Tom Chymbor
Kathleen Burch releases a cutthroat into the Rio Frijoles.
Snowflakes fell over the ponderosa pines and sandstone canyon walls as volunteer hikers, along with staff from Bandelier National Monument and the state Department of Game and Fish, loaded tautly inflated bags of cutthroat trout into backpacks and started hiking trails toward Frijoles Canyon.
"You could feel a little bit of a slosh as you were walking, but it really wasn't that bad, and fortunately, we were going downhill—that made a big difference," says Tom Chymbor, an Eldorado resident and retiree who showed up with his wife, Kathleen Burch, to volunteer to haul fish.
They'd first visited Bandelier with a hiking group, then returned to hike with a trail ranger and were impressed by rarely seen petroglyphs and eagle traps. They were hooked, so when a ranger said the park could use more volunteers, they signed up.
Their first work trip was in February 2014, Chymbor recalls, shortly after Las Conchas fire damage in 2011 met heavy rains in September 2013—just some of the fires and floods that reshaped the national monument in recent years. The cubic feet per second of water in a creek that usually runs at 10 registered at 9,000. Trails were washed out or buried under logjams of 250-year-old pine trees. On their first day as volunteers, he says, they collected emptied sandbags scattered by the floodwaters.
"We didn't count them all, but we estimated we must have gathered 1,500 of these used sandbags," he says. "As we started out, they were just these white dots all the way down the canyon."

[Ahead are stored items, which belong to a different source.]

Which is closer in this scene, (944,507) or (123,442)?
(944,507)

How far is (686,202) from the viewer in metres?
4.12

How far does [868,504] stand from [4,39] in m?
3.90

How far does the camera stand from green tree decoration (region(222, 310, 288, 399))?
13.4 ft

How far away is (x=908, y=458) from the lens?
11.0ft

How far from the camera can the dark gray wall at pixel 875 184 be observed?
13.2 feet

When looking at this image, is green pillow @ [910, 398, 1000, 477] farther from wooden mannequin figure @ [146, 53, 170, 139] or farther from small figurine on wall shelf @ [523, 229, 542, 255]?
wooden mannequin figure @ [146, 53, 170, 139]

That led to working on trail re-routing, tree clearing and building a rock wall to shore up a section of trail. This fall, they attended a dinner for volunteers that included a talk by Scott McFarland, natural resource program manager at Bandelier, about various projects underway in the park, including banding birds, monitoring water temperatures, installing audio recorders to capture the sounds of the wilderness, planting cottonwood and ponderosa seedlings, and constructing beaver dams in hopes of soon housing relocated beavers. Wetlands left from beaver dams may have helped some trees on the canyon floor survive when Las Conchas roared through the surrounding forest. Beavers' historic presence also makes a case for reintroducing them.
The series of floods hasn't just obliterated trails; they've filled streams with silt and sediment that killed fish.

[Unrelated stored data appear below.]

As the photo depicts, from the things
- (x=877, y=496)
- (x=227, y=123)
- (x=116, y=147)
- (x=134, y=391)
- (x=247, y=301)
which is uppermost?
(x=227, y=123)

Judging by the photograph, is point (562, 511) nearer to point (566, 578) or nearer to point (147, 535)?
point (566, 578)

"We ended up with basically a fish-less stream," says McFarland. Native Rio Grande cutthroat trout are often out-competed by non-native species, so the emptied Frijoles offered a chance to reset. He's also been measuring stream temperatures and water levels to make sure the habitat is ready for trout to return.
Reintroducing cutthroat increases resiliency for the statewide population of a fish that predominantly lives in places poised to see a catastrophic wildfire. The effort also can add recreational opportunities for anglers, and it ripples up and down the food chain, affecting insect populations and local birds like osprey. Also, McFarland says, "They're a native species that belongs in this environment."
McFarland and Game and Fish staff captured wild cutthroat trout on Tuesday, Oct. 30, at a river near El Rito using a pulse of electricity to stun the fish, then scooped them up and loaded them into a truck with a tank in the bed. The next morning, after counting 306 cutthroat and measuring the fish—a few as long as 8 or 9 inches—wildlife staff poured a couple gallons of water into plastic bags and pumped air into the bags to give fish oxygen for the journey. Then volunteers slipped the bags into their backpacks and hiked about a mile and a half down trails to the Rio de los Frijoles. The snowfall tapered off as they hiked, but clouds and fog hovered like a lid on the canyon.
Once at the creek, Chymbor says, he opened his bag to let some stream water into it, then eased the fish out into the current. Some people paused to cup one of the finger-thick fish in their hands before releasing it into the water.
"It was almost a little unfortunate, because with the amount of water in the bag and then when you added the stream water, you really didn't see it happen. They were so fast," he says. Still, he adds, "To watch that first fish go into the creek, it's like, wow, it felt like such a success. And doing your own little bag, you didn't want to just dump them in and run away. You wanted to linger."
He's hoping to come along for the next project as well: When someone reports a nuisance beaver, that'll give the state a chance to relocate it to Bandelier. Chymbor has asked what that haul would be like—probably not a bag in a backpack—and, he says, "We were all discussing how much they might weigh."